Rolfe Johnson is authoritative in the Heine settings and in the valedictory "Taubenpost," Schubert's last song. His mature and robust voice is an asset in the raging strophes of "Der Atlas." He brings texture to the sparse lines of the next four songs -- each of these songs is well-known and perfectly fitted to the text, but at the same time they are incomplete and unsatisfying on their own. These poems are relentless, indulging in bitter irony, in despair leading to revelations of even deeper despair. The poems all seem a premonition of "Der Doppelgänger" and the same is true of the music. One hears in these four songs a restless Schubert -- refusing to resolve his harmonies, edging along quasi-experimentally in a declamatory style that reaches its culmination in "Der Doppelgänger," one of the most terrifying songs ever written. Rolfe Johnson's performance of this masterpiece is straightforward, eschewing the sarcastic tone that some singers inflict on the last stanza.



Throughout, in fact, all singers are remarkably free of vocal posturing. I had many moments of hearing these songs afresh, rescued from decades of overblown climaxes, sentiment-milking, and vocal browbeating. This is a superb accomplishment. They are bringing you music, vividly personal music, not making a whistle-stop tour of classics that have become typecast in the collective imagination. The recording's acoustic is utterly pristine -- not an echo or reverberation or boxy effect or imbalance to muddy the music.
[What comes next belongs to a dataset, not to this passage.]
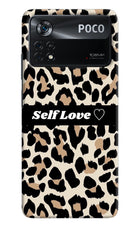Leopard Print Self Love Poco X4 Pro Hard Case Back Cover by Casekaro
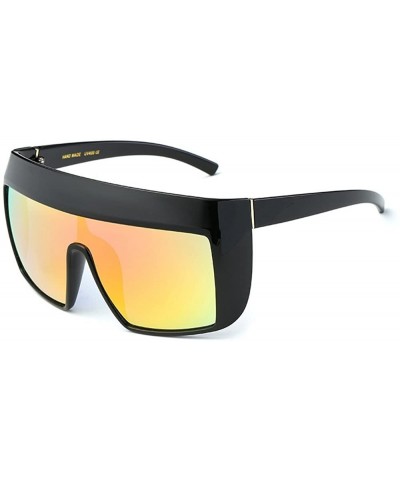 Oversized Top Mono Lens Shield Protect Blowing Sand Sunglasses - Light Black-red - C712O41YUVE $12.22 Rectangular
Despite the consistency of achievement on this album, Ainsley's performances deserve to be singled out: without disregarding the others, I wish that Graham Johnson had given Ainsley the entire album, he was more than equal to the task. Rolfe Johnson himself had an album to himself earlier in the series (volume 6, with a nocturnal theme). The acoustic that I have praised serves Ainsley and his immediate approach especially well. Ainsley shines on this album and could have brought the Hyperion Schubert Edition, successful as it was, to an even more radiant close."
Not Quite Superlative Schubert
M. J. Gray | New Zealand | 11/19/2004
(4 out of 5 stars)

"This is Graham Johnson's usual high-quality, intelligent music-making, with a banquet of programme notes. It takes longer to read them than it does to listen to the album. I enjoyed the performances of Anthony Rolfe Johnson and Michael Schade on this recording, but alas, they are overshadowed John Mark Ainsley, as they would be by anyone who can make the hackneyed Standchen sound fresh and new. Would that he had recorded the entire album!"